The offshore longline fishery for hake, currently involving 14 UK-flagged and a number of EU-flagged vessels, was highlighted as demonstrating relatively high rates of seabird by-catch. Data gathered between 2010 and 2018 over a relatively narrow sample of just 14 trips indicated the seabird by-catch to be in the region of 4,500 birds. However, confidence intervals around the estimates were wide and the estimates were based on a small sample size over a nine-year period that might not have been representative of the fleet activity in the years 2016 and 2017 for which the estimates were produced.
Most of the recorded seabird by-catch was of northern fulmar, a species which has shown a shallow decline in numbers at nesting sites in Scotland since the mid-1990s. Although the drivers of this decline are not known in detail, they are considered most likely to be due to a decline in the North Sea whitefish industry and lower volumes of discharged offal from fishing vessels.
Following the publication of the 2020 report, the fishery came under increased attention from some conservation groups, prior to which one of the two main industry bodies representing UK longliners had already expressed a wish to explore by-catch mitigation measures – and informal discussions had already begun.
Mitigation actions
Scottish government has funded this latest study to build on the outcomes of the 2020 report and this includes a broad range of objectives addressed using qualitative and quantitative approaches. New data analyses were undertaken, and possible by-catch mitigation approaches have been explored by collating relevant information from the wider literature and through discourse with industry and other researchers working on seabird bycatch in similar fisheries.
The study (in six sections) uses data collected in the UK longline fishery between 2010 and 2021 and explores what factors may be linked to seabird by-catch rates in the fishery through statistical modelling approaches to try and identify when, where and in what circumstances seabird by-catch is most likely to occur in the fishery.

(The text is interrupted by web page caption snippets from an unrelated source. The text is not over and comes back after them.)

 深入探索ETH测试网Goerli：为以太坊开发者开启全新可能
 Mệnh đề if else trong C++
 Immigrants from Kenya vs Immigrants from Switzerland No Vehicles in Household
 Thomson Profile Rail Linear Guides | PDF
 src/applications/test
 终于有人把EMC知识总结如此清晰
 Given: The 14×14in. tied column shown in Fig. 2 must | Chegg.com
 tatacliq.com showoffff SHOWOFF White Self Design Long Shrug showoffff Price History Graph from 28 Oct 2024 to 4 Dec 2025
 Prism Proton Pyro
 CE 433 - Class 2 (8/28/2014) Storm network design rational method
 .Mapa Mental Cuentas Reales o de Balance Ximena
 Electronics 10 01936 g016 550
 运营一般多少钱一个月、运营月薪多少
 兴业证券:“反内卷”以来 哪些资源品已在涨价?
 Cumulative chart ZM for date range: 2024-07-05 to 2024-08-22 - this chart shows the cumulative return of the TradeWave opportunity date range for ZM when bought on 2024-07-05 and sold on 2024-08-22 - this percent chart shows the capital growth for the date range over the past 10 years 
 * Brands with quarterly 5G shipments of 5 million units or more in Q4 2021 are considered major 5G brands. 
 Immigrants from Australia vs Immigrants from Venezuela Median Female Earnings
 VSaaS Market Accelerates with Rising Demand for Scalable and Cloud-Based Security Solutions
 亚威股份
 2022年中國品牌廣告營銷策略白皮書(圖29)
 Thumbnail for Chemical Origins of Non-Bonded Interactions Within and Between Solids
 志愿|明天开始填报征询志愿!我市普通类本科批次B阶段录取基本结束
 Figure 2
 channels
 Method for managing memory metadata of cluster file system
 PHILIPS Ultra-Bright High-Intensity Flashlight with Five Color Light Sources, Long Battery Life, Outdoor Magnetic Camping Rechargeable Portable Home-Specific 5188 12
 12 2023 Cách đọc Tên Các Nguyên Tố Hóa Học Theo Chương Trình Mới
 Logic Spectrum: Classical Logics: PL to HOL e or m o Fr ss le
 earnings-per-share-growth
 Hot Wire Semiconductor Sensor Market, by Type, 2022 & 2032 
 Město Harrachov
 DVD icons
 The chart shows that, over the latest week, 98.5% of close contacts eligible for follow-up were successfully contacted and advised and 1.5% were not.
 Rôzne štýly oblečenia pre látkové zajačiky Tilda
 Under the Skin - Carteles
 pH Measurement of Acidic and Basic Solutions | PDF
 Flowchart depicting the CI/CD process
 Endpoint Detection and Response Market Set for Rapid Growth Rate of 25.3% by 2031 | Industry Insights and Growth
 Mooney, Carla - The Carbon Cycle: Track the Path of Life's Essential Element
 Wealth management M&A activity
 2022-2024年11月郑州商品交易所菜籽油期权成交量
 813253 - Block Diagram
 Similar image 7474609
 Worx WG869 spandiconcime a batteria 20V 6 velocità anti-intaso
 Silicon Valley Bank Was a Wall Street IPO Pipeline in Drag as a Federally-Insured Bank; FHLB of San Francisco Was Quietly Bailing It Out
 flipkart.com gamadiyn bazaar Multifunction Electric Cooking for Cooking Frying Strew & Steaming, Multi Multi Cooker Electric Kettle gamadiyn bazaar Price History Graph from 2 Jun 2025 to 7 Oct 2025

An assessment of the spatial and temporal sampling coverage was also undertaken to explore the representativeness of existing sampling data.
It provides updated by-catch estimates for the longline fishery using additional observer data that has doubled the number of observed hauls since the estimates of the Northridge et al. report in 2020 and summarises detailed notes collected by the observer during data collection activities, and describes work carried out to gain a better understanding of by-catch in the fishery, and the drivers for and willingness to address by-catch directly from skippers involved in the fishery.
In conclusion, it draws together the findings in a general discussion on the strengths and weaknesses of the data, highlights improvements in data collection/analysis and indicates some initial candidate mitigation measures for testing based on the literature review, existing sampling data and direct input from vessel skippers.